PROMPT:
Everything from the line with "Revolution 6% 0.75ml" down to the line with "Leolee L-Shaped Desk" below must be printed exactly, those two lines included. Exclude pictures.

⁂

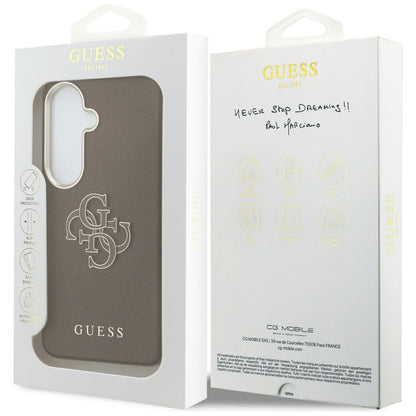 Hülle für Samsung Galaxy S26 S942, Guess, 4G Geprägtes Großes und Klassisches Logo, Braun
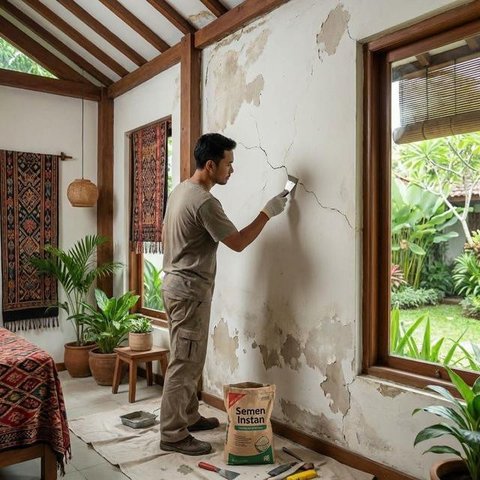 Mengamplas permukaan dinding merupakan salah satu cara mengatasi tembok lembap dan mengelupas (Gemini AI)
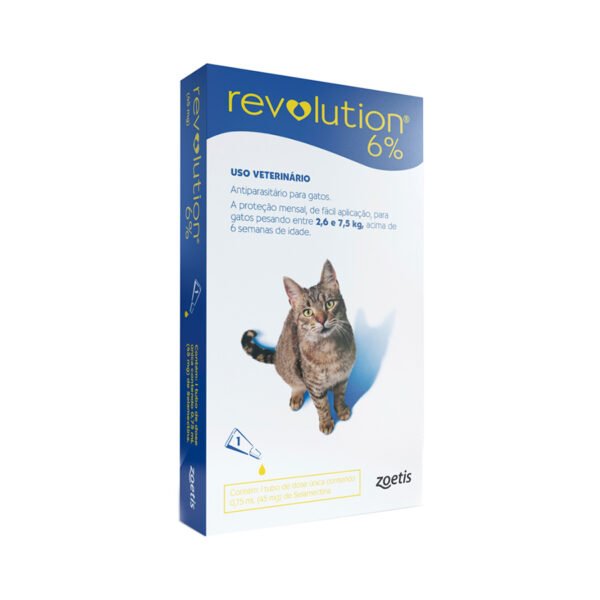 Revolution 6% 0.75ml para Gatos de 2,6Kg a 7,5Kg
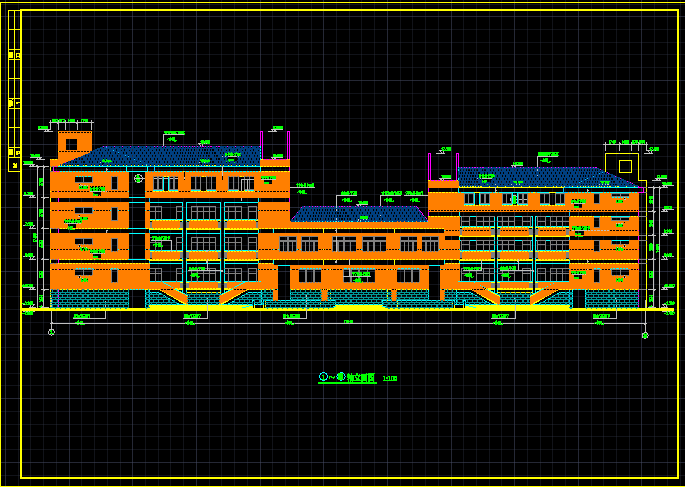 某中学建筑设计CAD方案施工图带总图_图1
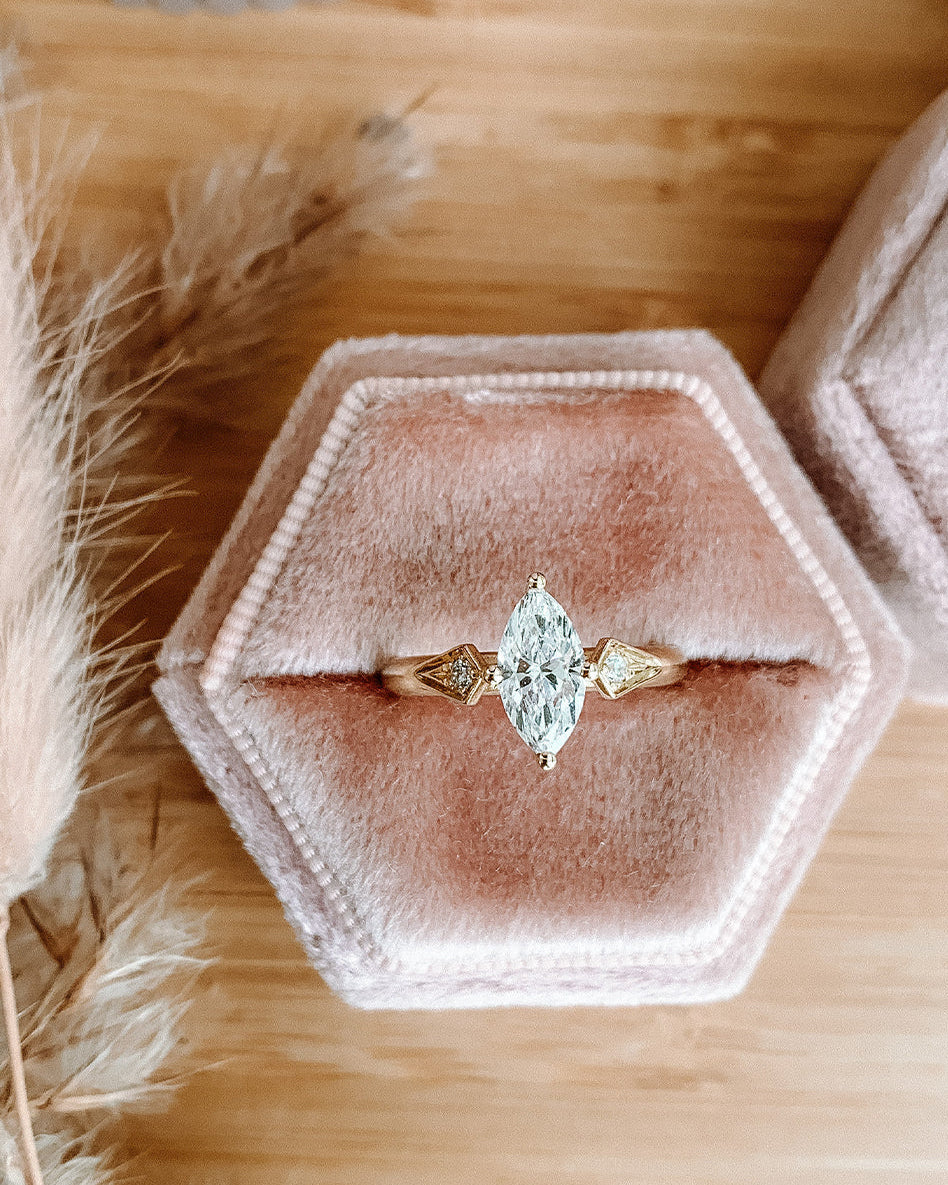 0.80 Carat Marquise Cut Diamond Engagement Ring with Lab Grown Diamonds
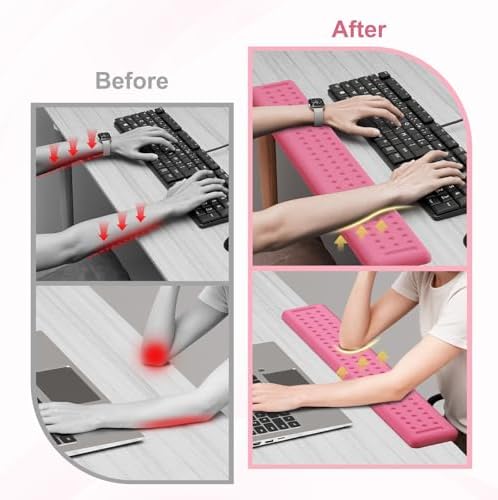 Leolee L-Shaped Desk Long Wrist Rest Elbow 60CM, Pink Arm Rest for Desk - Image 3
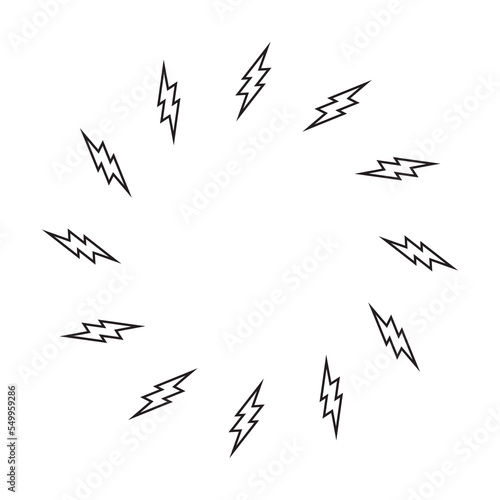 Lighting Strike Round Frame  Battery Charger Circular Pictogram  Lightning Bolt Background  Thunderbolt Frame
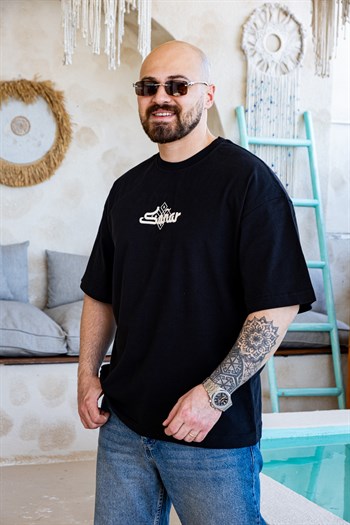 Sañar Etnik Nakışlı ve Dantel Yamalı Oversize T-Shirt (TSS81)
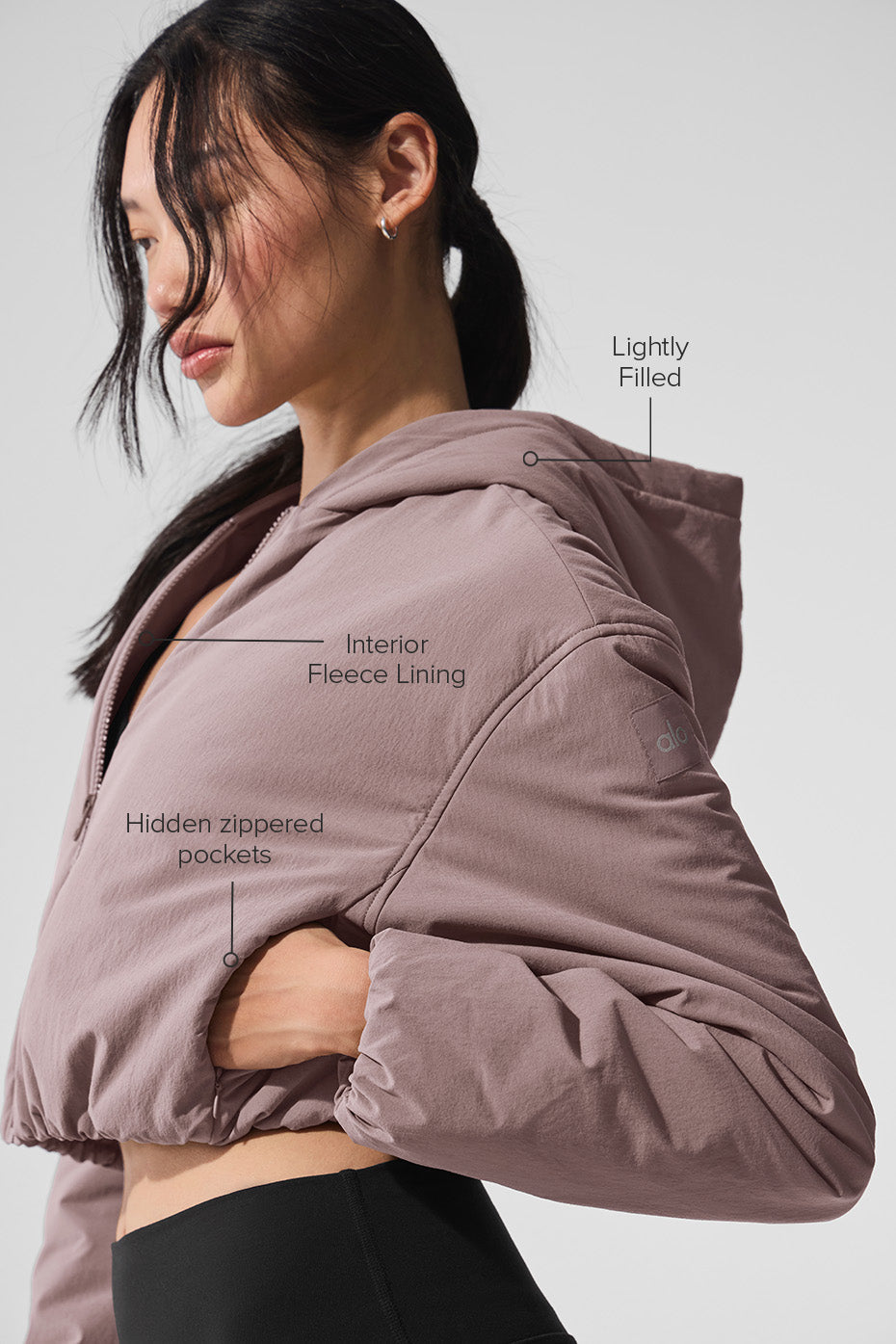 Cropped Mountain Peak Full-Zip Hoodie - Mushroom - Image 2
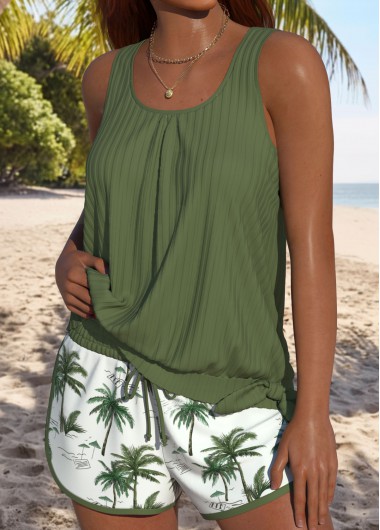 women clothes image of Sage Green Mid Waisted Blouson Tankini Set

⁂

SOLUTION TO THIS TASK:
 Revolution 6% 0.75ml para Gatos de 2,6Kg a 7,5Kg
 某中学建筑设计CAD方案施工图带总图_图1
 0.80 Carat Marquise Cut Diamond Engagement Ring with Lab Grown Diamonds
 Leolee L-Shaped Desk Long Wrist Rest Elbow 60CM, Pink Arm Rest for Desk - Image 3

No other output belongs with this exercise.